RECORDS FOR THE TASK ::
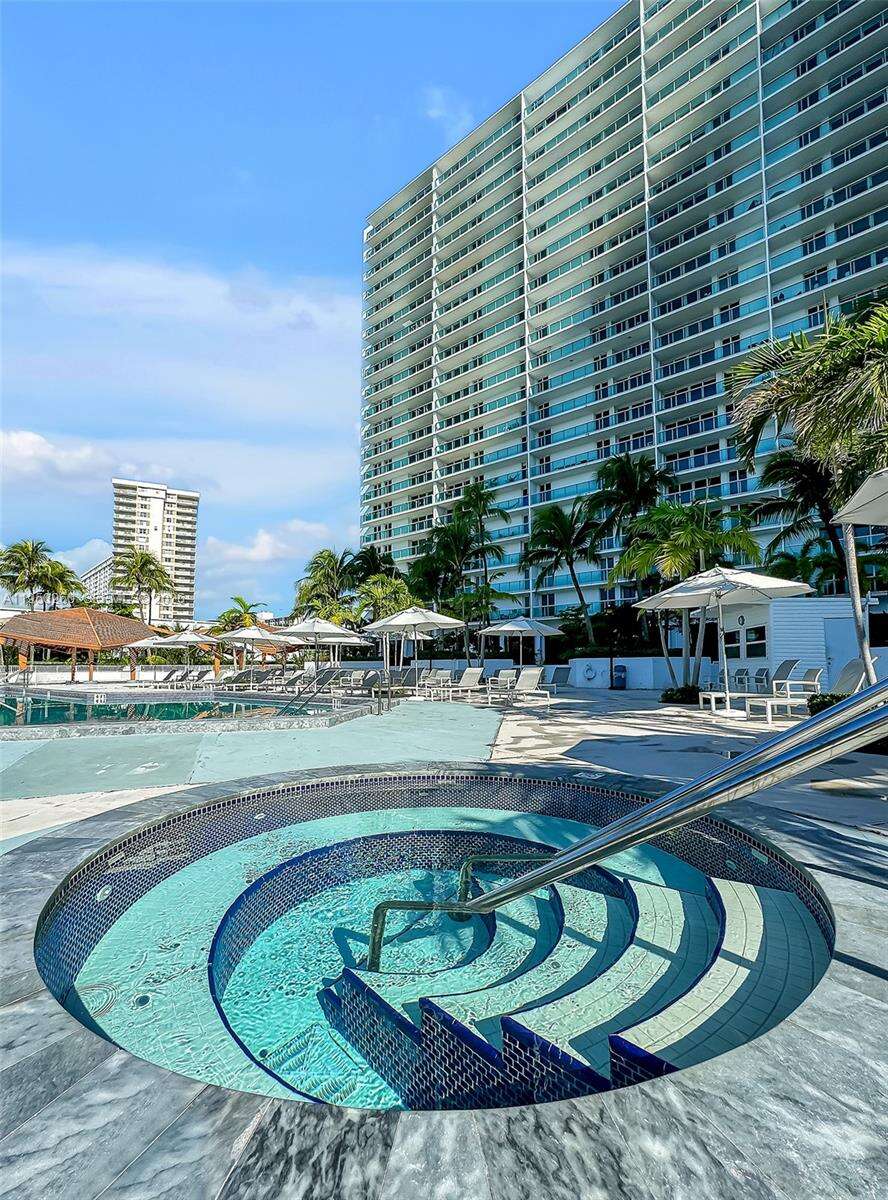 Arlen House at 100 Bayview Dr, Sunny Isles Beach, FL 33160 - For Rent photo 38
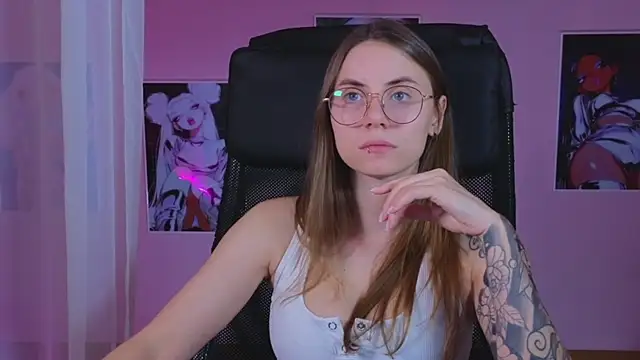  AnnaStark  online show from 03/07/25, 08:11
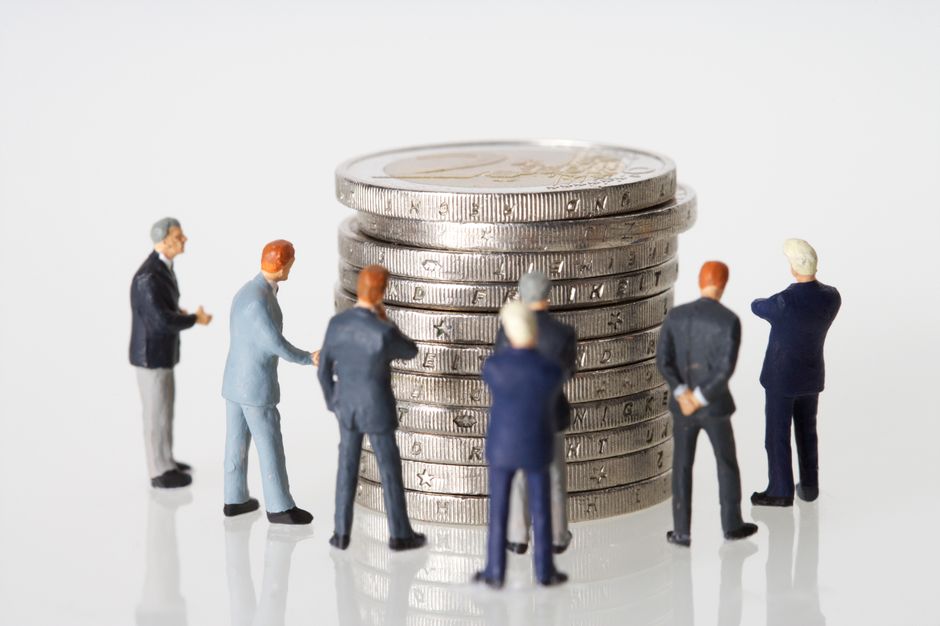 Managing financial flows and capital for startups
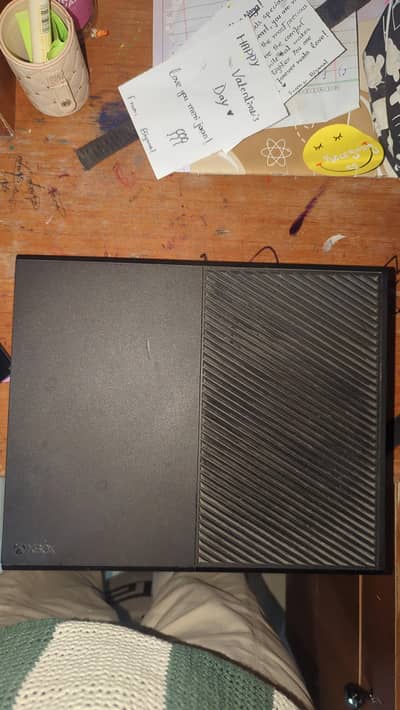 Xbox one 1tb used with 4 discord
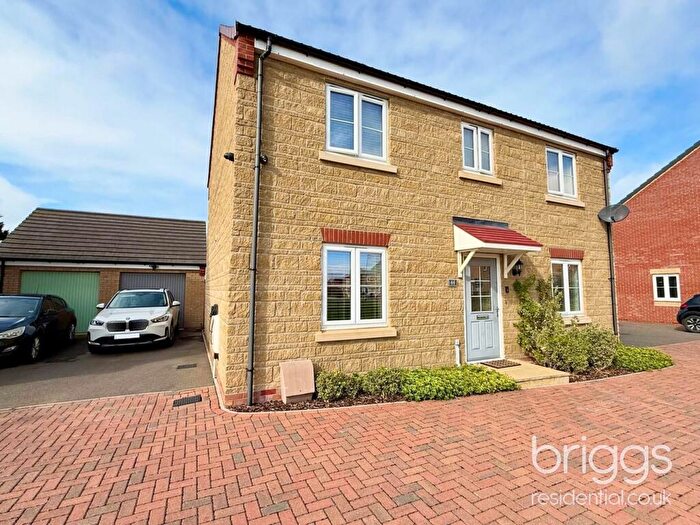 4 Bedroom Detached House For Sale In Harrier Way, Market Deeping, PE6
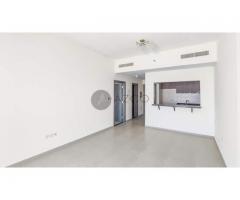 Park View | Spacious l Family Building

TASK DETAILS ::
Could each line of the data be written out exactly, with no pictures included?

SOLUTION ::
 Arlen House at 100 Bayview Dr, Sunny Isles Beach, FL 33160 - For Rent photo 38
  AnnaStark  online show from 03/07/25, 08:11
 Managing financial flows and capital for startups
 Xbox one 1tb used with 4 discord
 4 Bedroom Detached House For Sale In Harrier Way, Market Deeping, PE6
 Park View | Spacious l Family Building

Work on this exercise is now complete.